> [What to do]: Output each record verbatim, with pictures left out.

____ Source records

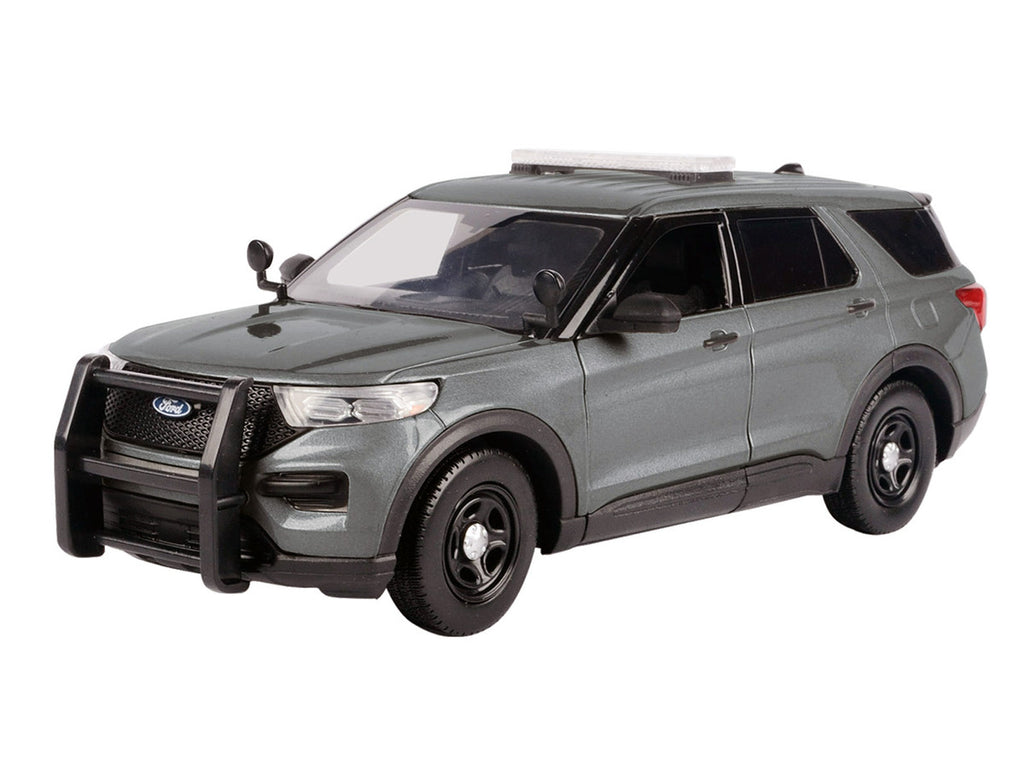 2022 Ford Police Interceptor Utility Unmarked Gray Metallic "Builder's Kit" "Law Enforcement and Public Service" Series 1/24 Diecast Model Car by Motormax-0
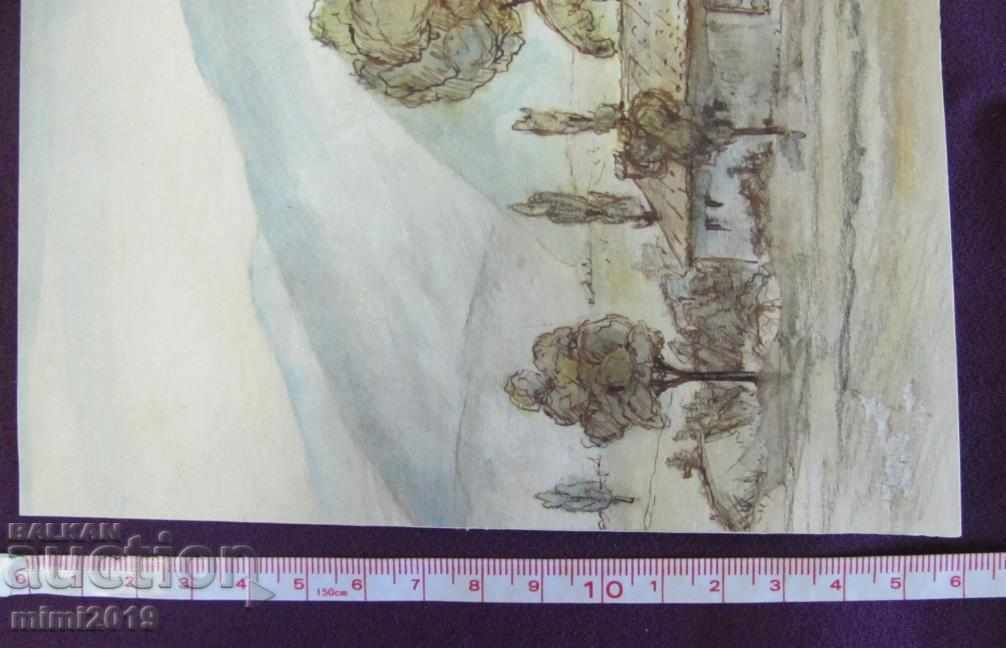 80s Painting Watercolor dry needle N. Kostov signed - 7 80s Painting Watercolor dry needle N. Kostov signed - 7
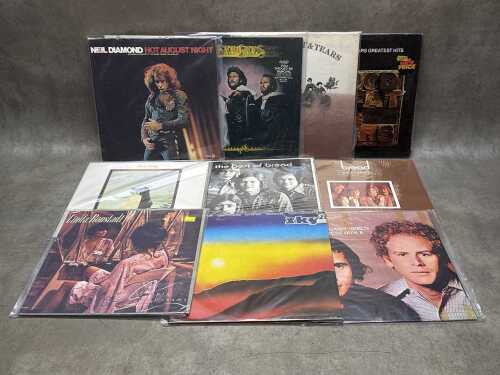 Ten Rock and Pop vinyl records, including 'Hot August Night'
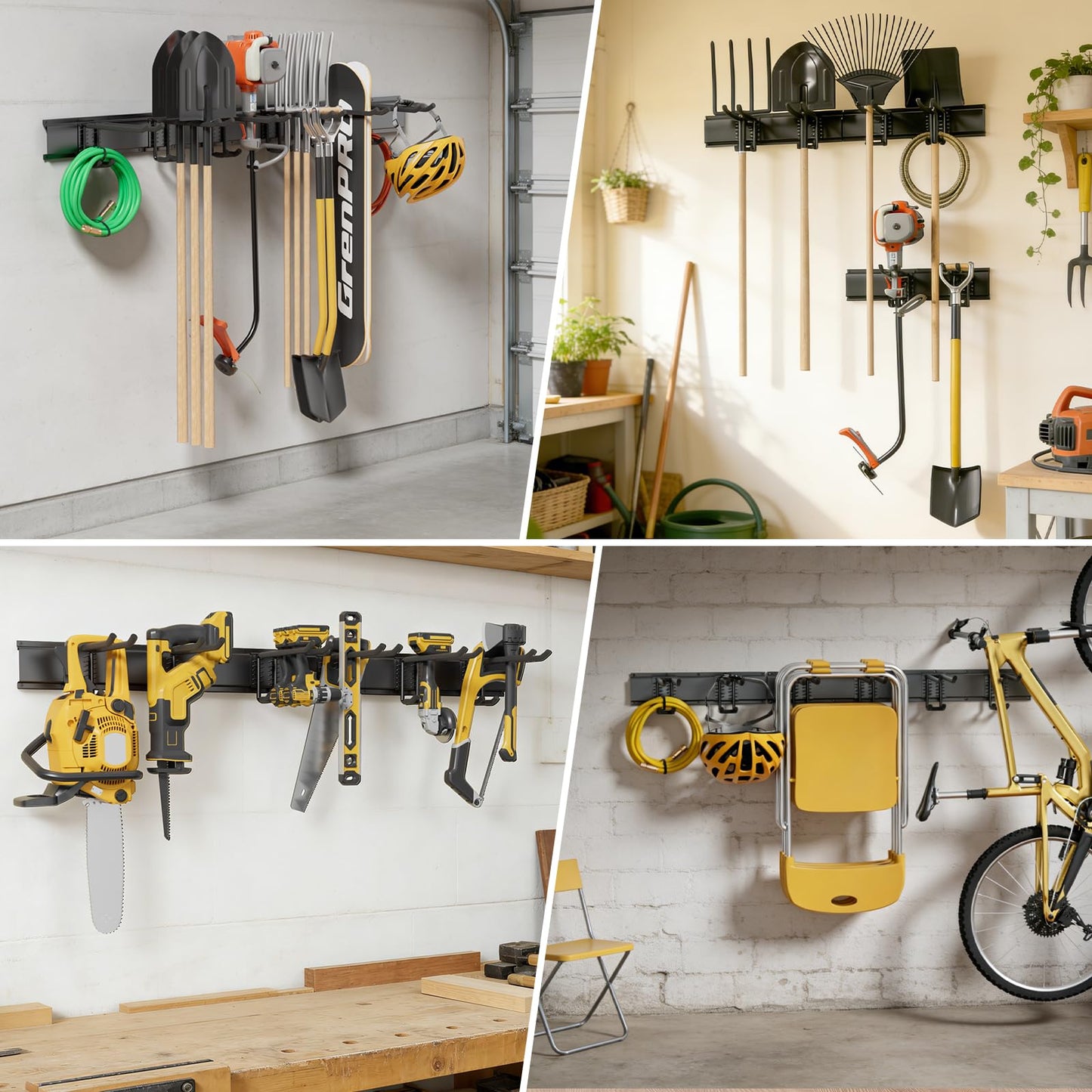 GRENPRO Garage Tool Organizer Wall Mount with 49.5 inches Rails and 6 Double-layer Hooks, Heavy Duty Tool Rack, Garage Storage Rack For Yard Tools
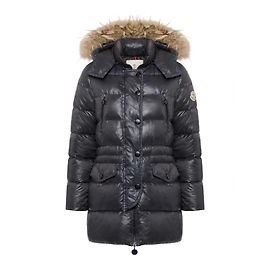 Casaco Moncler acolchoado com capuz de pele Cinza antracite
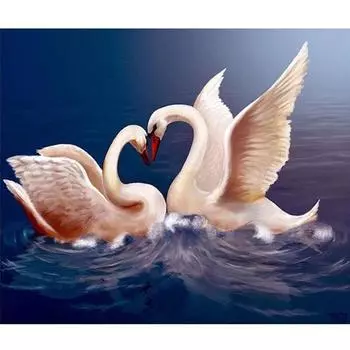 5D DIY алмазная живопись Лебедь пара комплект для вышивки крестом Мозаика Алмазная вышивка роза полная круглая/квадратная дрель украшение дома Round 20x30cm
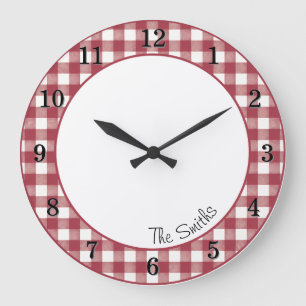 Redondo Grande Reloj de cocina con gingham de arándano y nombre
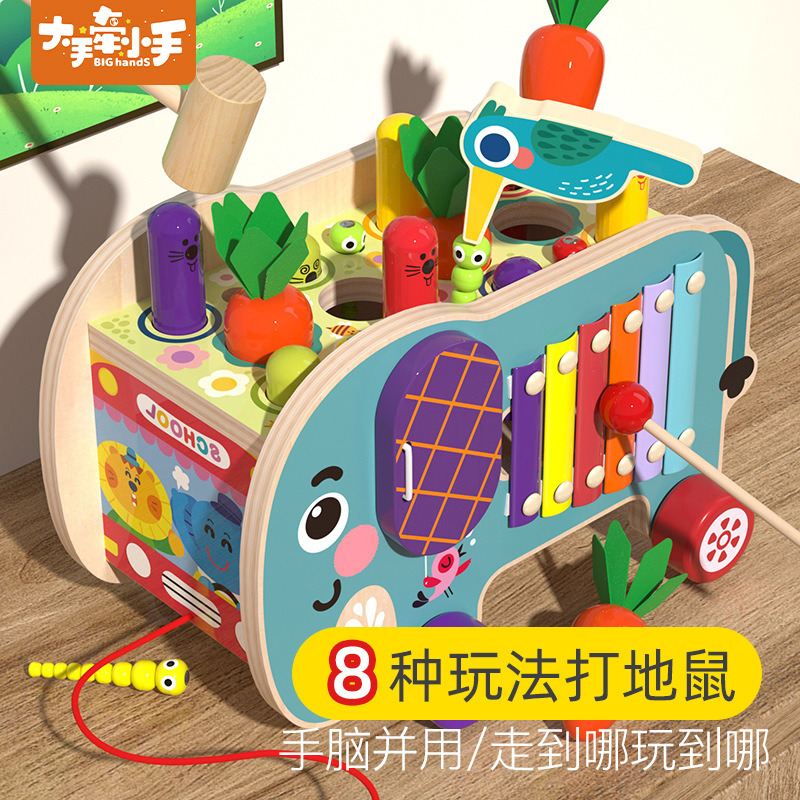 Juguetes multifuncionales para niños elefantes tocando piano arrastrando martillo golpeando pareja de juguetes de madera interactivos padres e hijos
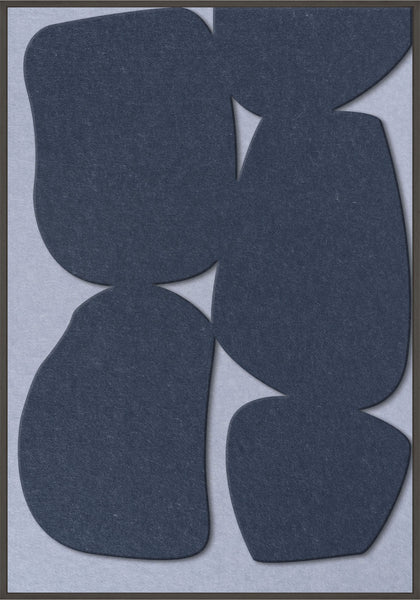 Stone Path 1 | ACOUSTIC ART Akustikbillede ART COPENHAGEN (DA) Sort ramme // 70x100 // Mørkeblå // Lyseblå
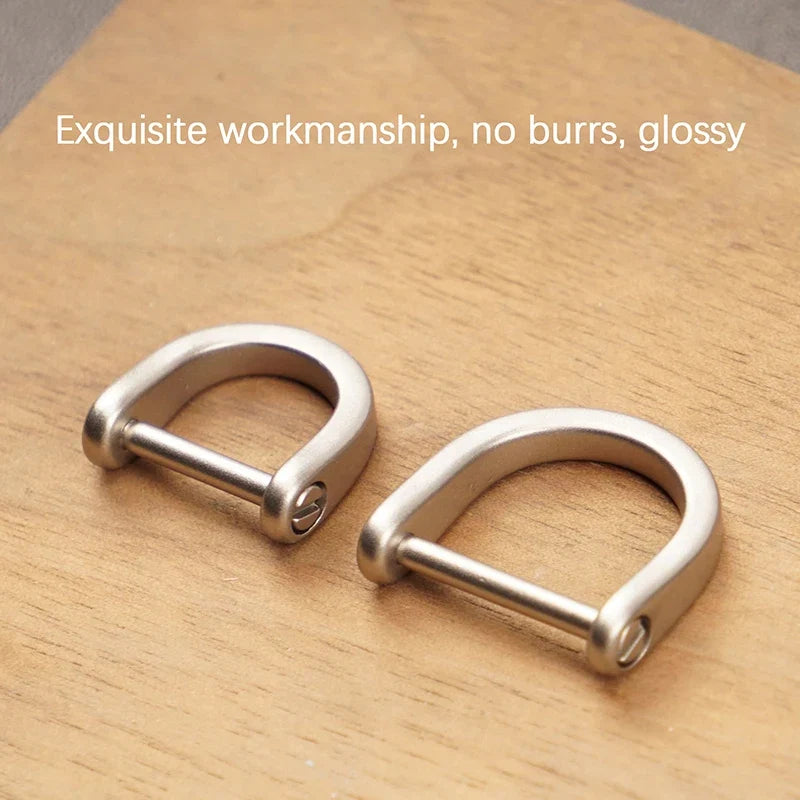 Titanium D Ring Key Shackle | U Shape Horseshoe Clasp for Car Key Fob and DIY Leather Key Organizer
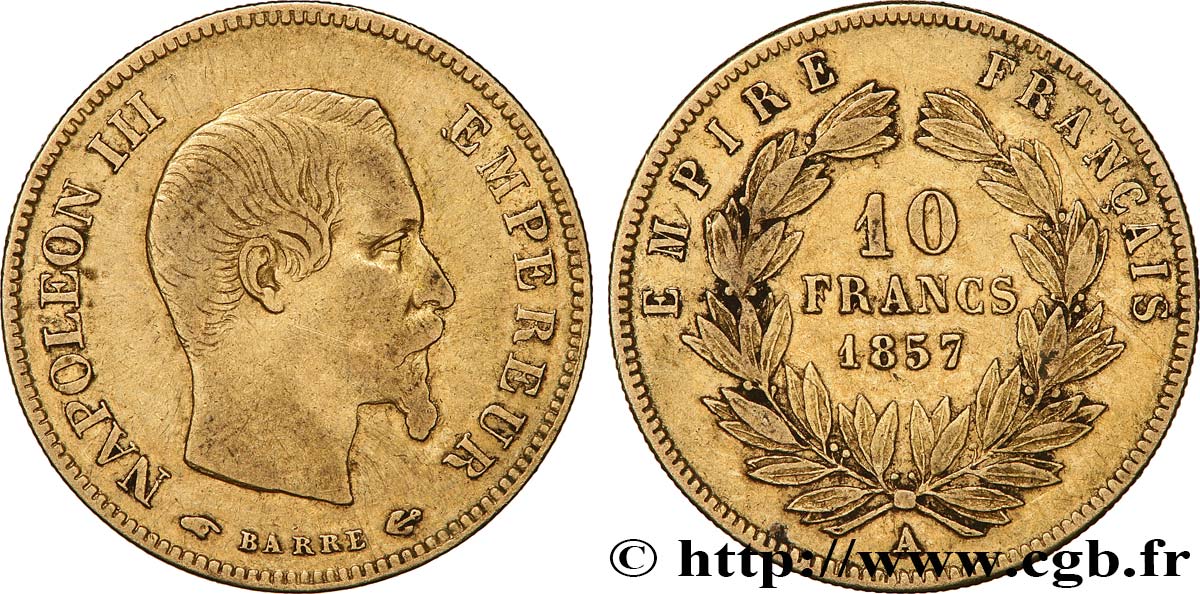 10 francs or Napoléon III, tête nue 1857 Paris F.506/4 q.BB 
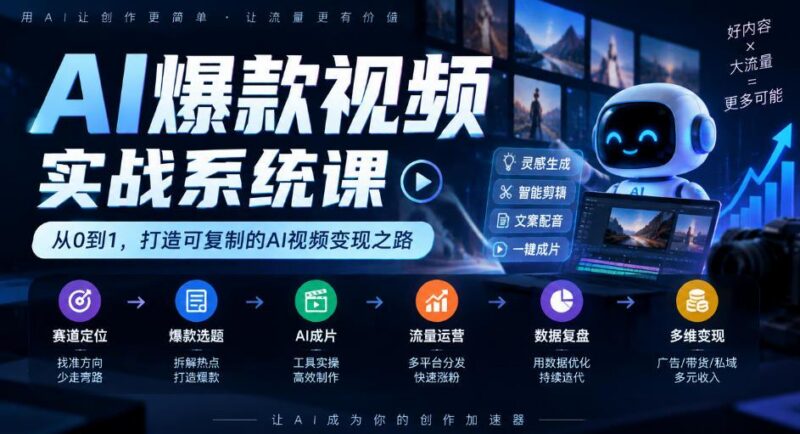 AI爆款视频实战系统课|赛道定位、爆款选题、AI成片、流量运营、数据复盘、多维变现全链路教学 三零资源-三零资源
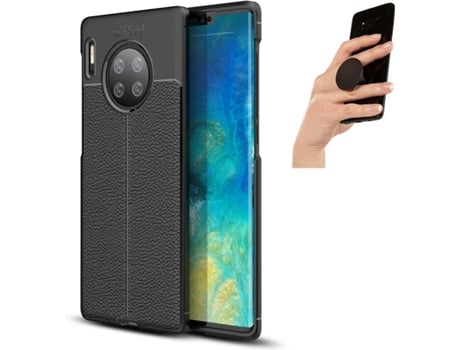 Carcasa y Popsocket Huawei Mate 30 Pro Rugged Leather (Negro)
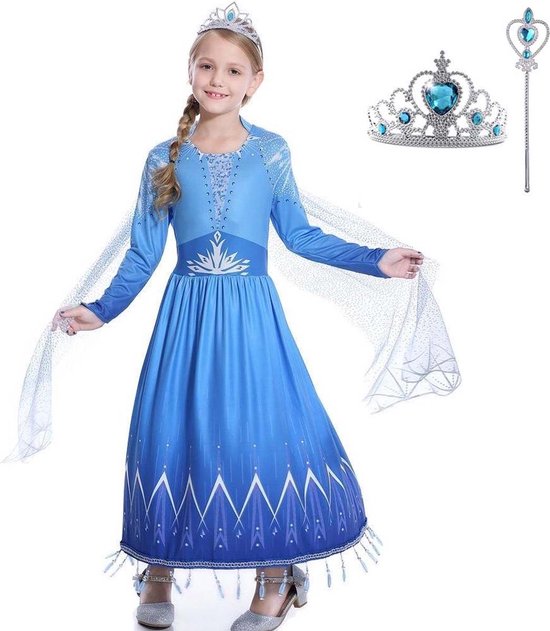 Prinsessenjurk meisje - jurk - Prinsessen Verkleedkleding - Maat 98 (100) - Kroon / Staf - Verkleedjurk - kleed - Cadeau meisje - Verjaardag meisje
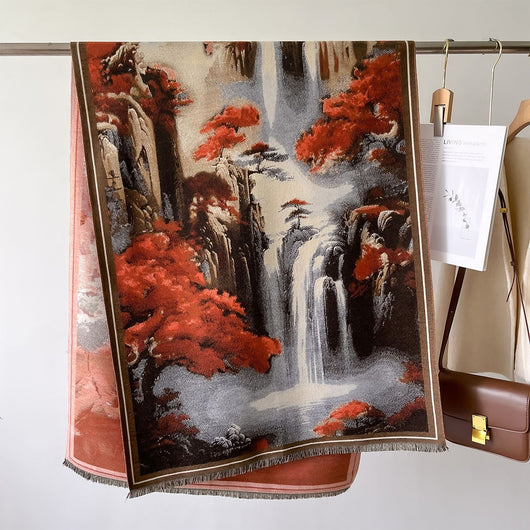 Bufanda Gruesa de Invierno con Diseño Jacquard Tipo Cashmere - Image 30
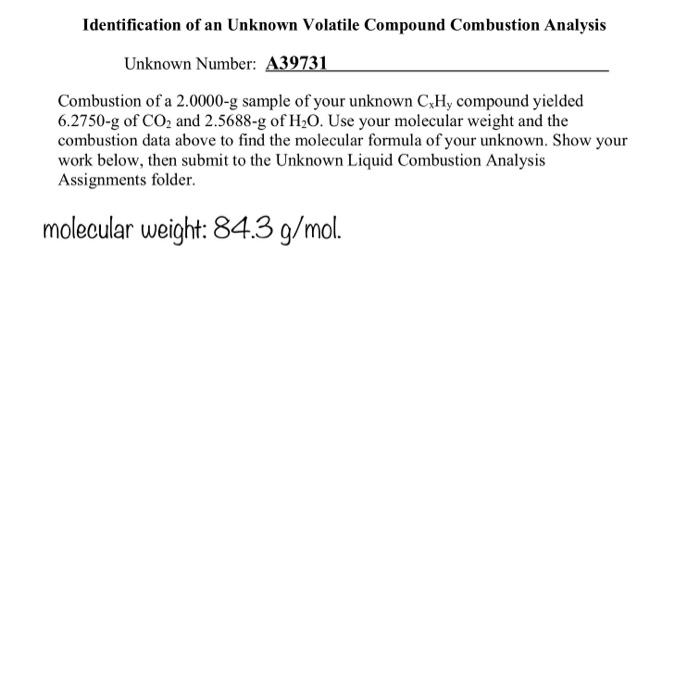 Solved Identification of an Unknown Volatile Compound | Chegg.com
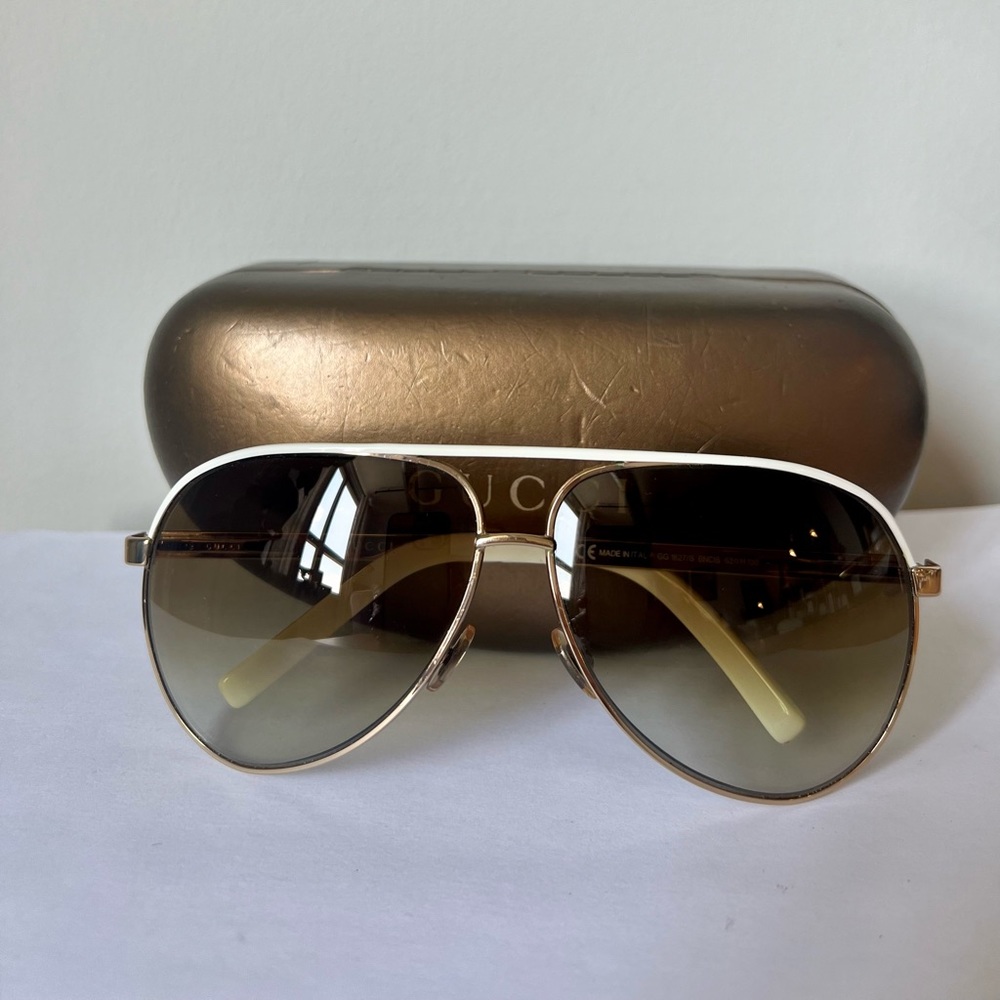GUCCI Brown Gradient Gold Aviator Sunglasses GG 1827/S BNCIS 63-11 (130)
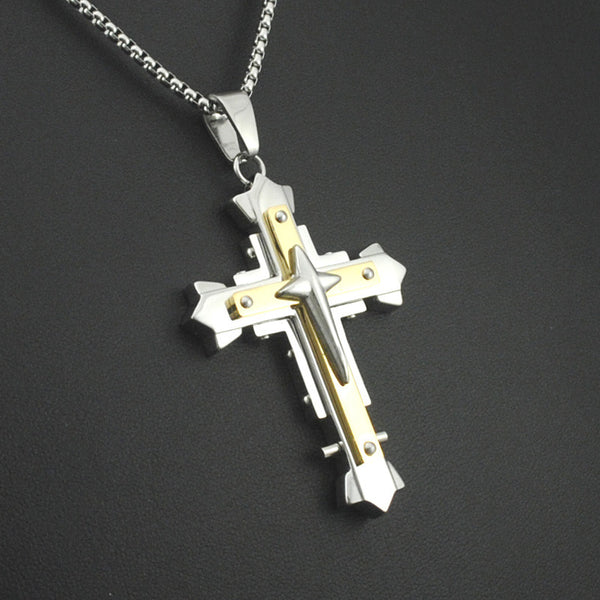 Retro fashion jewellery mens star cross pendant necklace 2 layer stainless steel 2017 new free shipping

________

> [Result]:
 2022 Ford Police Interceptor Utility Unmarked Gray Metallic "Builder's Kit" "Law Enforcement and Public Service" Series 1/24 Diecast Model Car by Motormax-0
 80s Painting Watercolor dry needle N. Kostov signed - 7 80s Painting Watercolor dry needle N. Kostov signed - 7
 Ten Rock and Pop vinyl records, including 'Hot August Night'
 GRENPRO Garage Tool Organizer Wall Mount with 49.5 inches Rails and 6 Double-layer Hooks, Heavy Duty Tool Rack, Garage Storage Rack For Yard Tools
 Casaco Moncler acolchoado com capuz de pele Cinza antracite
 5D DIY алмазная живопись Лебедь пара комплект для вышивки крестом Мозаика Алмазная вышивка роза полная круглая/квадратная дрель украшение дома Round 20x30cm
 Redondo Grande Reloj de cocina con gingham de arándano y nombre
 Juguetes multifuncionales para niños elefantes tocando piano arrastrando martillo golpeando pareja de juguetes de madera interactivos padres e hijos
 Stone Path 1 | ACOUSTIC ART Akustikbillede ART COPENHAGEN (DA) Sort ramme // 70x100 // Mørkeblå // Lyseblå
 Titanium D Ring Key Shackle | U Shape Horseshoe Clasp for Car Key Fob and DIY Leather Key Organizer
 10 francs or Napoléon III, tête nue 1857 Paris F.506/4 q.BB 
 AI爆款视频实战系统课|赛道定位、爆款选题、AI成片、流量运营、数据复盘、多维变现全链路教学 三零资源-三零资源
 Carcasa y Popsocket Huawei Mate 30 Pro Rugged Leather (Negro)
 Prinsessenjurk meisje - jurk - Prinsessen Verkleedkleding - Maat 98 (100) - Kroon / Staf - Verkleedjurk - kleed - Cadeau meisje - Verjaardag meisje
 Bufanda Gruesa de Invierno con Diseño Jacquard Tipo Cashmere - Image 30
 Solved Identification of an Unknown Volatile Compound | Chegg.com
GUCCI Brown Gradient Gold Aviator Sunglasses GG 1827/S BNCIS 63-11 (130)
 Retro fashion jewellery mens star cross pendant necklace 2 layer stainless steel 2017 new free shipping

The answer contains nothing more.